Three Malawian nationals were arrested for Trafficking in Persons which include:  the driver, Jabu Sailesi (48), and two other adult occupants, Mussa Kaswili (31) and Uka Wasili (30). The victims were taken to safe houses and the Malawian Embassy was contacted to assist.

The National Prosecution Authority, the Malawian Consulate, Interpol, the Department of Social Department, the Department of Home Affairs (Immigration), International Organisation for Migration), the Department of Health, the Department of Justice and Bosasa Youth Care Centre partnered together to make sure the repatriation process was successful.

The charges of Trafficking in Persons were dropped and the three accused were charged with Smuggling of Persons under the Immigration Act.

Sailesi and Wasili were newly-charged under the Immigration Act, while Kaswili was not charged because he had a valid passport.

According to the International Labour Organisation, human trafficking is estimated to be a R1, 9 billion industry globally.

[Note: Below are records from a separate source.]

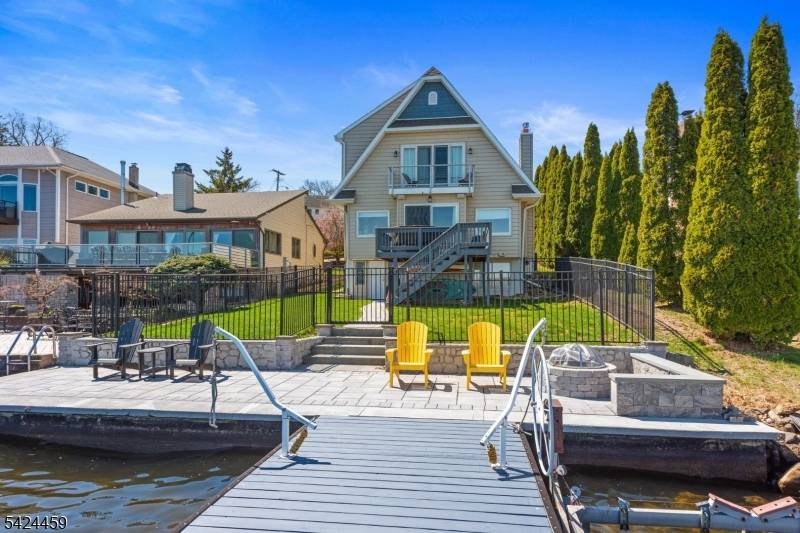 Welcome to your new lake home, magnificent renovated lake style custom cape, offers open floor plan, lake views that mesmerize !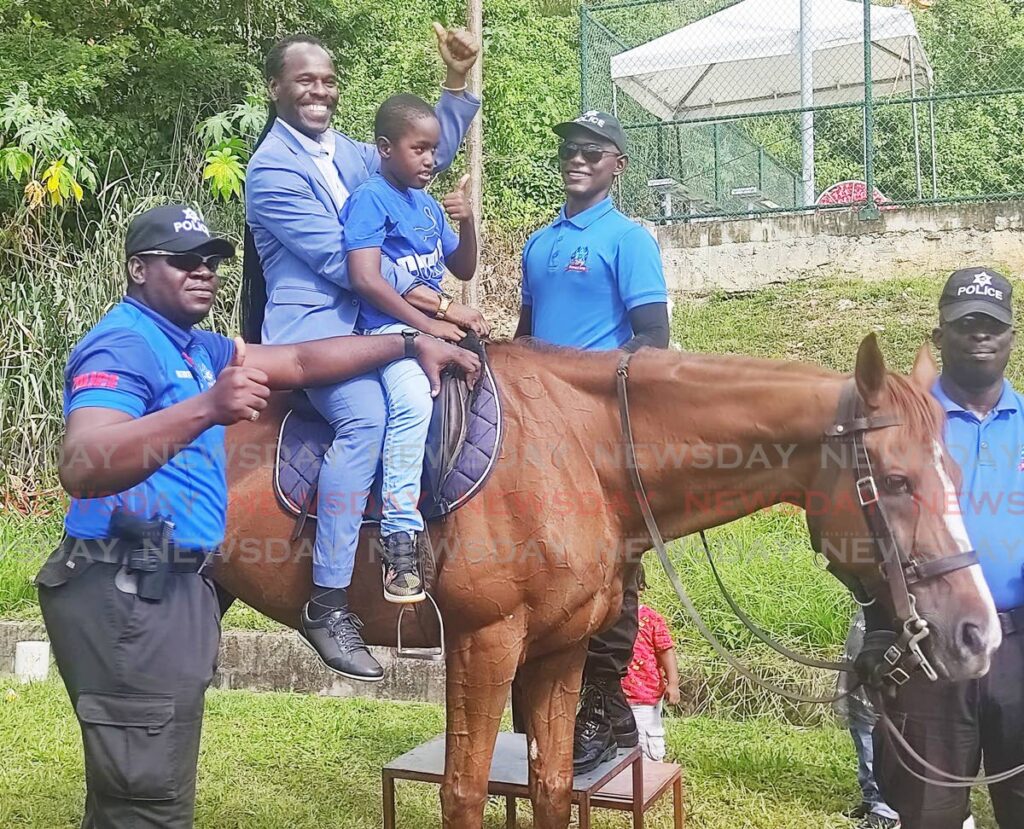 HORSING AROUND: National Security Minister Fitzgerald Hinds and Richard Roberts, nine, sit on police horse Ichabod  during the Christmas on the Hill Christmas treat for children in Laventille on Friday. Photo by Shane Superville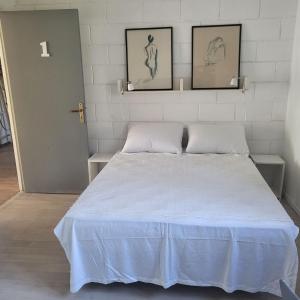 een slaapkamer met een wit bed met twee foto's aan de muur bij Le Jardin De Nicolas in Couret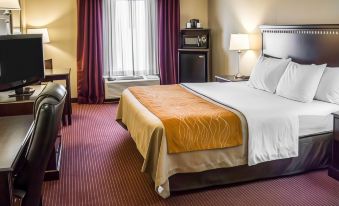 a large bed with an orange blanket is in the middle of a hotel room at Wingate by Wyndham Clearfield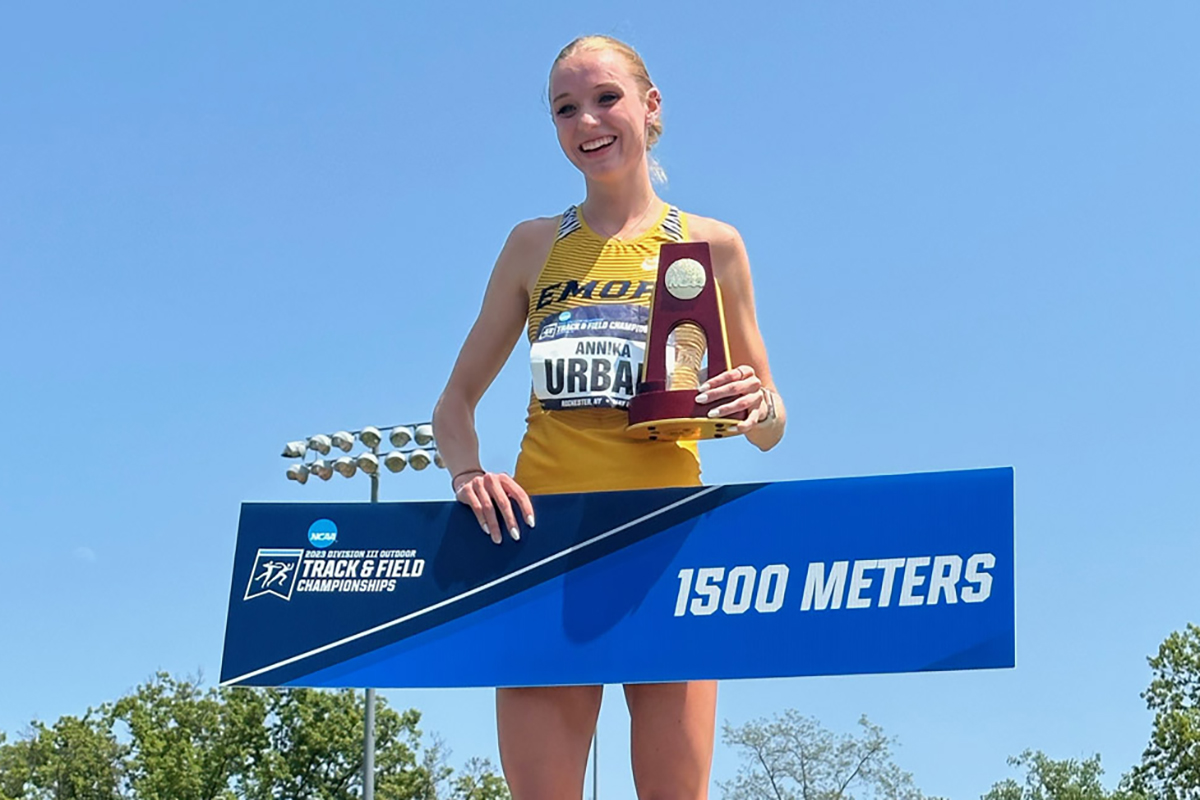 student Annika Urban on podium holding trophy and a 1500 Meters sign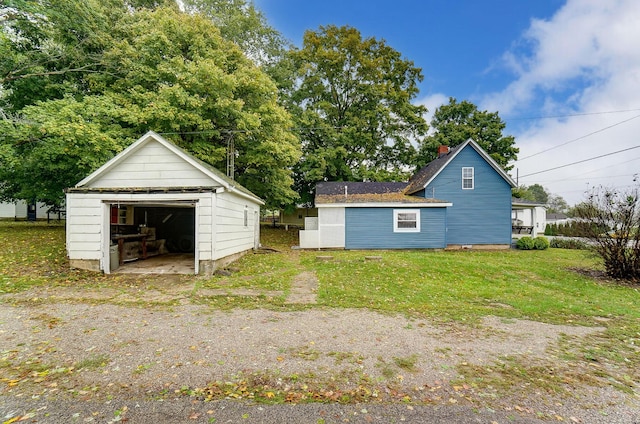 exterior space featuring a garage, an outdoor structure, and a lawn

However, the victims never see a cent of this as they are exploited.

Victims are trafficked for the use of prostitution; begging and manual labour and traffickers could be anyone, even people you trust, such as family members and friends.

Dr Monique Emser, member of the KwaZulu-Natal Human Trafficking, Prostitution, Pornography and Brothels Task Team, tells DRUM it is not easy for victims to escape their traffickers and South African citizens are partly to blame for trafficking in Mzansi.

“We are the ones who are feeding the market and creating the demand,” she says. “We always demand cheap products and services.”